会社員を退職した年、友人に誘われて、東京カルチャーカルチャーで開催された「マッピングナイト」という地図のイベントを見に行ったんです。友人が、登壇者の一人である渡邉英徳先生と知り合いだったこともあって、私の空想地図の話になって。同じく登壇者の大山顕さん、石川初さんも「なんだこれは!?」と面白がってくれて、その様子がSNSで話題になりました。

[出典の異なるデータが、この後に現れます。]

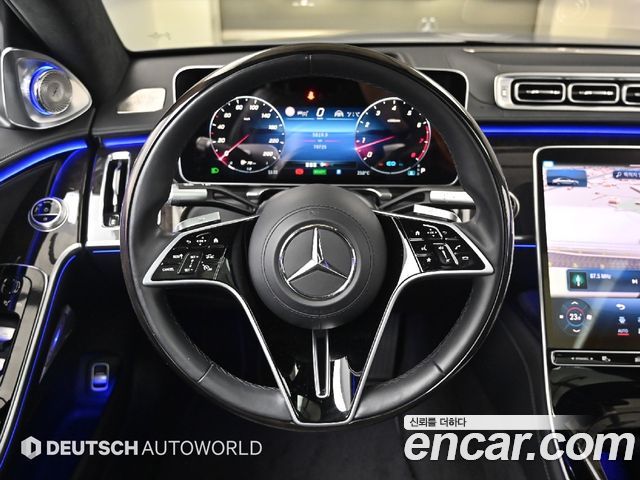 Mercedes-Benz S-Class 2021 — photo 13
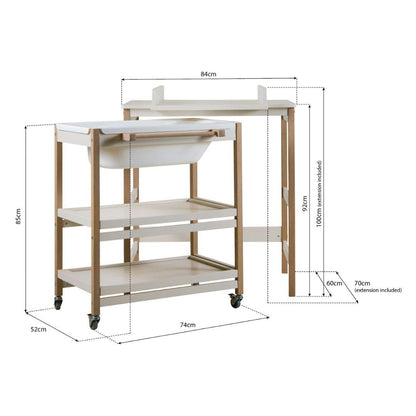 Meuble à langer Smart Comfort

それを見た出版社の方から連絡があり、2013年に空想地図をテーマに初めての書籍『みんなの空想地図』(白水社)を出版することになりました。
また同時期に、「タモリ倶楽部」にも出演。
退職直後の2011〜2013年ごろは派遣とバイトの収入が8割、自営業が2割程度でしたが、出版後の2014年には自営業の収入が8割になりました。
タイプが違う人の集まりに時々しれっと参加する
ーー本の出版が大きな転機になったのですね。ちなみに出版後はどんな仕事が増えましたか?
実は地図の仕事ではなく、身の回りの友人・知人からのデザインの依頼が増えたんです。空想地図なんて、頼みようがないですからね。
おそらく本が出たことで「ああ、この人は自分の名前で食べている自営業なんだ」ということが周囲の友人知人、及びその友人知人に認知され、それまでやっていたデザインの仕事が増えたんだと思います。
2015年には100%自営業で食べていけるようになり、同じ年に法人化しました。
ーー今は、お仕事の依頼はどういうルートで来ているんですか?
今でもやはり知人や、知人の知人経由が多いです。自分で営業はしていません。
取材された記事を見てホームページ経由でお問い合わせいただく場合もありますが、実は間に共通の知り合いがいたというケースも結構多かったですね。とはいえ、最近は共通の知り合いがいない人からの依頼も増えてきました。
ーー営業しなくても継続的に仕事があるというのはすごいですね。
私のように営業できない人間は、私に頼んでくる人を増やす必要があります。私の場合、友人関係や人間関係、仕事関係を一つのコミュニティに絞らない、というところが鍵になっています。
特定のコミュニティに属していると言うよりは、浅く広く、あらゆるコミュニティの人たちと「そういえば見たことある」ぐらいの距離の関係を作っておくと、意外なところから仕事が来ることが多いんです。
同じタイプの人がいない界隈に行ったほうが希少価値が上がるので、なるべく自分とは思考が違う人間のいるコミュニティに、しれっと時々いるということが大事なんだと思います。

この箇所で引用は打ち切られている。